Neutrino-dominated relativistic shocked accretion flow around rotating black hole: implications for short gamma-ray bursts

TL;DR

This work investigates neutron-star merger-driven central engines for short gamma-ray bursts using shock-enabled, transonic neutrino-dominated accretion flows (NDAFs) around rotating black holes. By solving a set of hydrodynamic equations with an effective Kerr-like potential, including viscous heating and neutrino cooling, the authors obtain global NDAF solutions that can undergo shocks, boosting neutrino annihilation luminosity $L_{\nu\bar{\nu}}$ and GRB energetics.

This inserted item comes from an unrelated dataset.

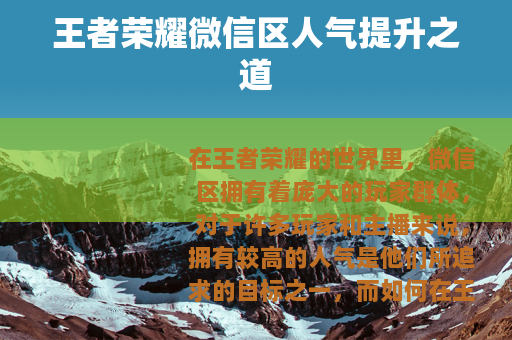 王者荣耀微信区人气提升之道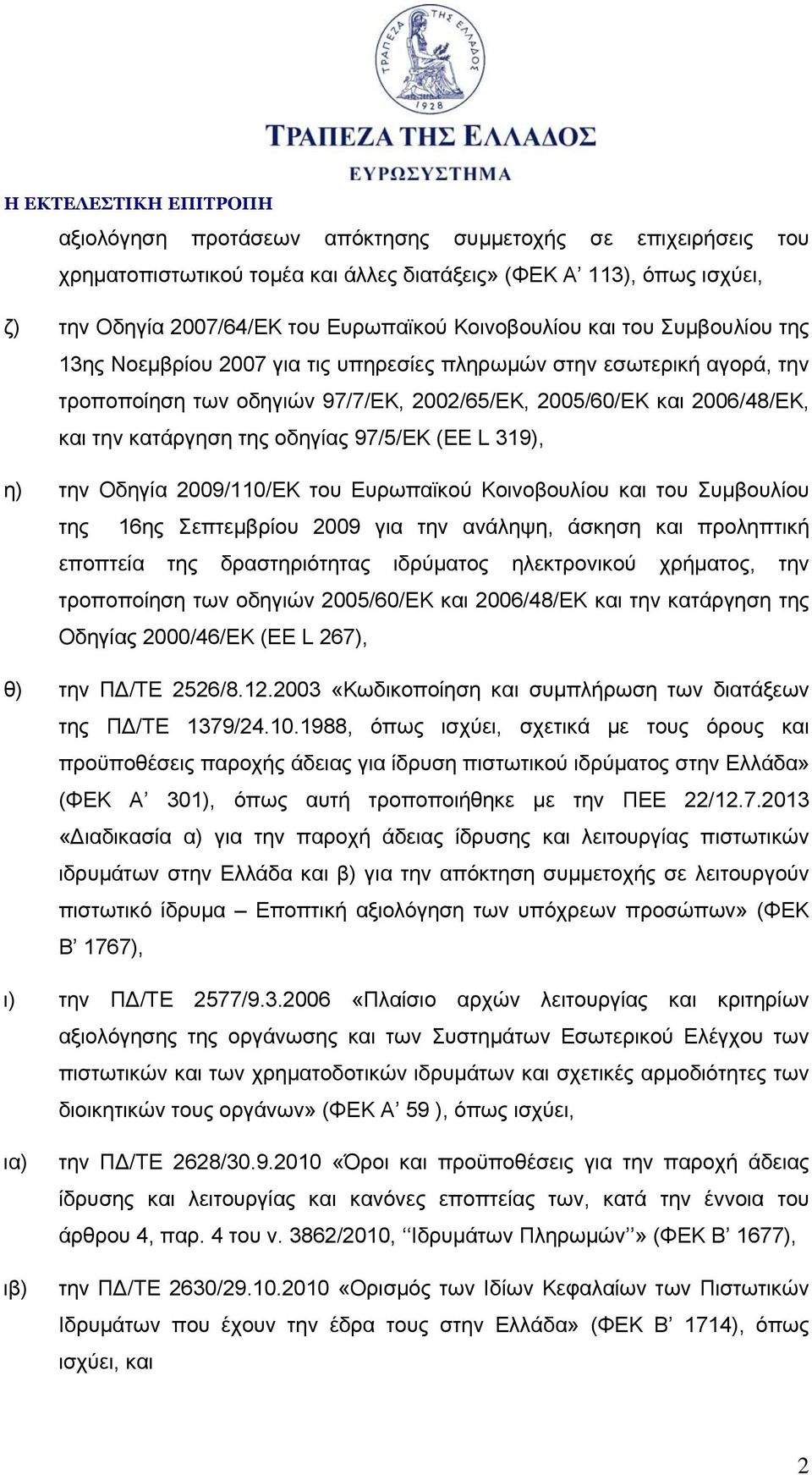 (EE L 319), η) την Οδηγία 2009/110/ΕΚ του Ευρωπαϊκού Κοινοβουλίου και του Συμβουλίου της 16ης Σεπτεμβρίου 2009 για την ανάληψη, άσκηση και προληπτική εποπτεία της δραστηριότητας ιδρύματος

They compare model predictions to observed SGRB luminosities to constrain central-engine parameters $M_{\rm BH}$ and $a_{\rm k}$, incorporating merger-simulated disk masses $M_{\rm disk}$ to bound the spin-disk relationship and find a robust anti-correlation between $a_{\rm k}$ and $M_{\rm disk}$ for fixed BH mass. The results link merger outcomes to GRB energetics, offering a physically motivated route to infer central-engine properties from observational data while noting simplifications like neglecting magnetic fields and degeneracy pressures.$

Abstract

We investigate the physical properties of the central engine powering gamma-ray bursts (GRBs), modelled as a stellar-mass black hole accreting via a neutrino-dominated accretion flow (NDAF). By solving the governing hydrodynamic equations, we obtain global transonic NDAF solutions featuring shock transitions and examine their role in powering GRB energetics. The NDAF solutions are explored over a broad range of black hole parameters, including its mass ($M_{\rm BH}$) and spin ($a_{\rm k}$), and accretion rate ($\dot{M}$). We find that shocked NDAFs can naturally account for the observed diversity in GRB energy output. Incorporating results from numerical simulations of binary neutron star and black hole-neutron star mergers, we estimate the remnant black hole mass and spin parameters for the predicted range of post-merger disk mass ($M_{\rm disk}$). Our analysis reveals that small-mass black holes with relatively low spin values can adequately reproduce the luminosities of short GRBs (SGRBs), whereas identical GRB luminosities can also be achieved for more massive black holes possessing higher spin values. Finally, we uncover a robust correlation between the black hole spin and disk mass such that $M_{\rm disk}$ decreases with increasing $a_{\rm k}$, remaining largely independent of the black hole mass ($M_{\rm BH}$) powering GRBs.

Figures (3)

• Figure 1: Variation of ($\rm a$) Mach number ($M = v/C_{\rm s}$) and ($\rm b$) density ($\rho$) of the NDAF as functions of radial distance ($x$). The corresponding velocity ($v$) and temperature ($T$) profiles are indicated by the color, with the color bars on the right denoting their respective ranges. The flow parameters are chosen as $\mathcal{E}_{\rm in} = 0.0001$, $\lambda_{\rm in} = 1.9880$, $a_{\rm k} = 0.99$, $\dot{m} = 0.01$, $M_{\rm BH} = 3 M_{\odot}$, and $\alpha = 0.001$, respectively. The vertical arrow at $x_{\rm s} = 14.0258$ indicates the location of the shock transition, while the filled circles indicate the location of the inner ($x_{\rm in}$) and outer ($x_{\rm out}$) critical points. See text for the details.
• Figure 2: Parameter space in the $a_{\rm k}–M_{\rm BH}$ plane showing the allowed ranges of black hole spin ($a_{\rm k}$) and mass ($M_{\rm BH}$) yielding the observed $L^{\rm obs}_{\nu {\bar{\nu}}}$. Grey, red, and blue shaded regions denote obtained results for GRB 131001A, GRB 051221A, and GRB 050724, respectively. Here, we choose $M_{\rm disk} = 0.2 M_{\odot}$ and $\alpha = 0.01$. See text for the details.
• Figure 3: Correlation between the black hole spin parameter ($a_{\rm k}$) and the disk mass ($M_{\rm disk}$) for different black hole masses ($M_{\rm BH}$). In each panel, the red and blue shaded regions represent the disk mass ranges corresponding to $M_{\rm BH}=3M_\odot$ and $M_{\rm BH}=7M_\odot$, respectively. The names of the SGRBs are indicated in each panel. See text for the details.